Like many other storage companies with roots in HPC, Panasas is leveraging its history in some of the most demanding environments to bridge the technical to commercial computing divide.
According to the company’s Geoffrey Noer, just three years ago, most Panasas customers were in traditional HPC, scattered across a wide number of users in academia and government. That HPC to enterprise leap happened naturally for them, he says, as hybrid scale-out NAS has taken root in more commercial HPC environments where current legacy-based approaches are increasingly overextended and difficult to manage.
Among the new commercial HPC and analytics users Panasas has managed to capture are companies in aerospace, life sciences, and media/entertainment. “These are usually design and simulation workflows,” says Noer, “which by definition is HPC, but it’s for enterprise customers.” These newer users for Panasas are seeking to overcome critical barriers that a truly scale-out architecture can provide, and now, with the today’s release of their updated storage operating system, PanFS 5.5 release, they can provide a single namespace to let users in Windows-heavy enterprise shops tap into Windows and Linux seamlessly. This Microsoft tie-in is the result of two years of development to get the two to play nicely together within their storage environment and to ensure continued certification through Microsoft’s Communication Protocol Program. Such development sounds rather expensive, but Panasas says that there are no plans to change pricing to reflect the extra Microsoft hoop-jumping.
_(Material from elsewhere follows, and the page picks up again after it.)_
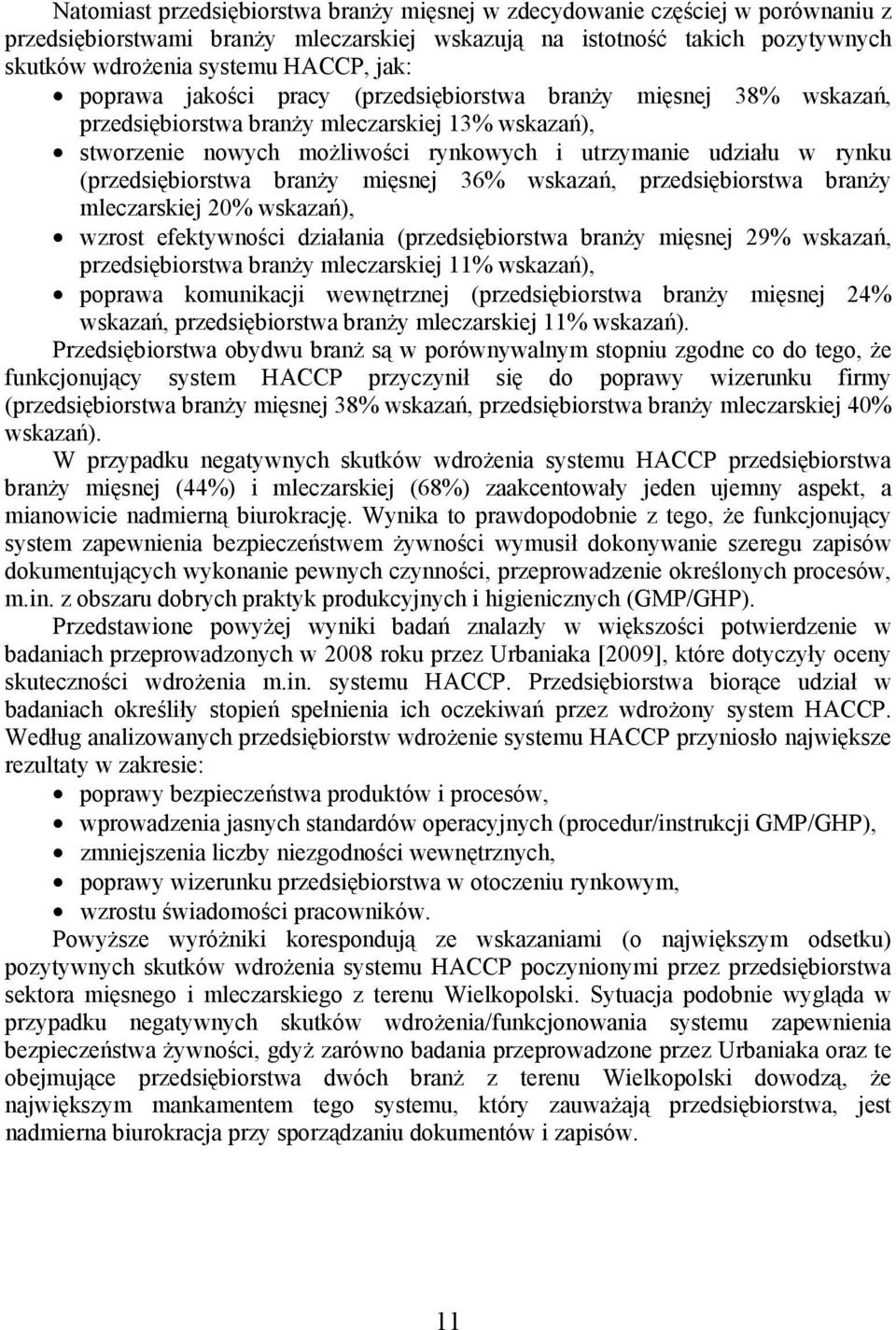 (przedsiębiorstwa branży mięsnej 36% wskazań, przedsiębiorstwa branży mleczarskiej 20% wskazań), wzrost efektywności działania (przedsiębiorstwa branży mięsnej 29% wskazań, przedsiębiorstwa branży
According to Noer, the lengthy process through Microsoft’s channels will be useful for both their traditional HPC center users and the enterprise customers they’re seeking to reach. “If you look at a large cluster, it’s running Linux for the ultra high performance part, but it you look at what an engineer or researcher is running on a workstation, or they’re working with multiple applications on Windows or Linux, this becomes very important.”
Panasas is being realistic about the performance issues related to Windows for commercial HPC customers, noting that even with this PanFS 5.5 update with new windows open, the highest performance workflows stay in a Linux environment. “The current Windows protocol can’t hit the performance levels of our DirectFlow protocol in Linux, but that’s inherent to the protocol itself,” said Noer. The key is that the interoperability is “enterprise-grade” which to Panasas, means that the the handshaking between the Active Directory and the storage system to keep track of users and groups has to be seamless and up to Microsoft standards.
These added Windows to new opportunities are open wider with a scale-out NAS approach that does some interesting things between leveraging SATA and SSDs for the purposes they were designed for via ActiveStor 14, their latest integrated hardware update.
The key to what Panasas is doing on the macro level (with ActiveStor and PanFS in harmony) is taking advantage of an architecture that Noer says was “designed from the ground up for technical computing workloads,” since Panasas was never “hinged on adapting to a legacy architecture.”He points to the widely-used NetApp approach in commercial environments as an example of this legacy problem, pointing to the way that users are pushed into adding filer heads to push performance. While this may work, what users end up with are several storage pools that are difficult to manage. “It’s hard for users to get off that architecture and onto one that’s truly scaleout.”
The goal is to give users a platform that’s free from file server lag or hardware RAID showdowns by instead offering distributed elements that the IO is balanced over, which is managed with DirectFlow. This protocol lets users read and write in parallel across all those different elements instead of using older point-to-point protocols that scale simply by adding more clients.
The other key to what Panasas is doing is by taking metadata requests off the same data path as the large read/writes and cooking them directly onto the “Director” blades, which manage those requests while the real grunt work is saved for the storage blades that handle the big read/write demands. The goal is to allow users to scale their metadata performance separately to avoid that I/O conflict. This isn’t entirely new—Lustre and GPFS manage things essentially the same way, but the difference here, at least according to Noer, is the orchestration at the PanFS level.
“When you look at the HPC space, you had software-only file systems that could provide great performance, but the kind of reliability, high availability and manageability of something fully integrated. Then you also have the top tier storage vendors who don’t have the performance levels needed for HPC, even if they’re able to provide the enterprise-grade features. We’re trying to do all of that in one place,” says Noer.